Web scraping with rvest and RSelenium

How to use rvest and RSelenium ot get list of billionaires

The idea is to show an example of use of both rvest and RSelenium in R to to some webscraping. For rvest, you only need to install the library. For RSelenium, you will to install the library, and will need to get a standalone version of firefox, using or the java standalone, or the docker standalone, see the selenium basic vignette. The third solution is to use the rsDriver function, but it gave me a lot of problem lately.

Difference between rvest and RSelenium

rvest help you to read an html page and extract elements from it. The inetraction you can have with the webpage include interacting with forms and handle sessions with passwords. It is incredibly efficient, and super handy, as almost all packages developped by Haddley Wickham.

So what is the point of RSelenium ? You cannot not interact with java with rvest. RSelenium allows you to have a webbrowser that you can control from you code. So you can do everything you do in a webbrowser. It is intended to test website for loading and problems.

I usually use only rvest, and use RSelnium when I need to interact with java. The website forbes with its billionaires list will give us an example: https://www.forbes.com/real-time-billionaires

Get the present list of billionaires

Let’s try to get the list of billionaires.

library(data.table)
library(rvest)
## Le chargement a nécessité le package : xml2
library(RSelenium)
## Warning: le package 'RSelenium' a été compilé avec la version R 3.6.3

Using the element inscpector, we see that the table is a dynamic table, and that the data of interest are in table rows <tr> of class base ng-scope. We can so read the page, and try to get the nodes corresponding to these rows:

url <- "https://www.forbes.com/real-time-billionaires"
page <- read_html(url)
page %>%
  html_nodes(xpath = "//tr[@class='base ng-scope']")
## {xml_nodeset (0)}

Here it is not working. Let’s have a look at what the page contains:

page
## {html_document}
## <html lang="en">
## [1] <head>\n<meta http-equiv="Content-Type" content="text/html; charset=UTF-8 ...
## [2] <body>\n<div id="consent_blackbar"></div>\n\t<div id="teconsent">\n\t\t<s ...

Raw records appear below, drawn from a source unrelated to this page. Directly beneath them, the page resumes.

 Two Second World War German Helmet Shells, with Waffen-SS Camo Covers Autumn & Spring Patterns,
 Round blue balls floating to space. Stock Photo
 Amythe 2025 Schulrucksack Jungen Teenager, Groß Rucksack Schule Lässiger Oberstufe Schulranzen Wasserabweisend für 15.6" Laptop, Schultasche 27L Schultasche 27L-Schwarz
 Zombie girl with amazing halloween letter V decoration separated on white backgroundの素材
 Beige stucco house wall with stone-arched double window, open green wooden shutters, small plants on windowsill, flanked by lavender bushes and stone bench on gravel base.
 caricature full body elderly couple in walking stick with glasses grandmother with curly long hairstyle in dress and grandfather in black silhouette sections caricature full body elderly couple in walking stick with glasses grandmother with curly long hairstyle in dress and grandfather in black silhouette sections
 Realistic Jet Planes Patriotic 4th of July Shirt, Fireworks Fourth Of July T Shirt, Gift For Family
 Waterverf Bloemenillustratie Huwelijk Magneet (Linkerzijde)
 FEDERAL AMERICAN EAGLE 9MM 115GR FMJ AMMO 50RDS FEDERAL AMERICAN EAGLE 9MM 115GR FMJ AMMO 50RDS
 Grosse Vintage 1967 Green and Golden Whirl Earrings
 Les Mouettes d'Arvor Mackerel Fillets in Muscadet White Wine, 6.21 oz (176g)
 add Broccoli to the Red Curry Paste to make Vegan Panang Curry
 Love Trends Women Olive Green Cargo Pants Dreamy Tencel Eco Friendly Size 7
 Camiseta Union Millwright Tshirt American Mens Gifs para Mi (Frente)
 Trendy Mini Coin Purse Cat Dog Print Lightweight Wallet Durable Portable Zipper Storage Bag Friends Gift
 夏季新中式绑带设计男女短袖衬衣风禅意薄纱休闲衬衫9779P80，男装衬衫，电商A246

The page is bloqued by the cookies consentment

Here, it will be easier with RSelenium, because we have to click buttons. I use the firefox standalone with docker. I first run (in my computer console) docker run -d -p 4445:4444 selenium/standalone-firefox to run the standalone firefox in port 4445.

remDr <- remoteDriver(port = 4445L)
remDr$open()
## [1] "Connecting to remote server"
## $acceptInsecureCerts
## [1] FALSE
## 
## $browserName
## [1] "firefox"
## 
## $browserVersion
## [1] "84.0.1"
## 
## $`moz:accessibilityChecks`
## [1] FALSE
## 
## $`moz:buildID`
## [1] "20201221152838"
## 
## $`moz:geckodriverVersion`
## [1] "0.28.0"
## 
## $`moz:headless`
## [1] FALSE
## 
## $`moz:processID`
## [1] 776
## 
## $`moz:profile`
## [1] "/tmp/rust_mozprofileNDHipn"
## 
## $`moz:shutdownTimeout`
## [1] 60000
## 
## $`moz:useNonSpecCompliantPointerOrigin`
## [1] FALSE
## 
## $`moz:webdriverClick`
## [1] TRUE
## 
## $pageLoadStrategy
## [1] "normal"
## 
## $platformName
## [1] "linux"
## 
## $platformVersion
## [1] "4.19.121-linuxkit"
## 
## $rotatable
## [1] FALSE
## 
## $setWindowRect
## [1] TRUE
## 
## $strictFileInteractability
## [1] FALSE
## 
## $timeouts
## $timeouts$implicit
## [1] 0
## 
## $timeouts$pageLoad
## [1] 300000
## 
## $timeouts$script
## [1] 30000
## 
## 
## $unhandledPromptBehavior
## [1] "dismiss and notify"
## 
## $webdriver.remote.sessionid
## [1] "31281786-c20e-4dd3-a0fa-f0ba23a86cfb"
## 
## $id
## [1] "31281786-c20e-4dd3-a0fa-f0ba23a86cfb"
url <- "https://www.forbes.com/real-time-billionaires"
remDr$navigate(url)

You can get a screenshot of what the webrowser see, if you don’t have an actual webbrowser on your computer (you can see the webbrowser if you use the java standalone or rsDriver, not with docker):

remDr$screenshot(display = T)

I then want to detect the button, which has a class trustarc-agree-btn. I use a lot xpath, because you can use functions like starts-with or contains, which help you get easily the parts you want. See this great tutorial on W3schools, and a list of functions in this page from mozilla.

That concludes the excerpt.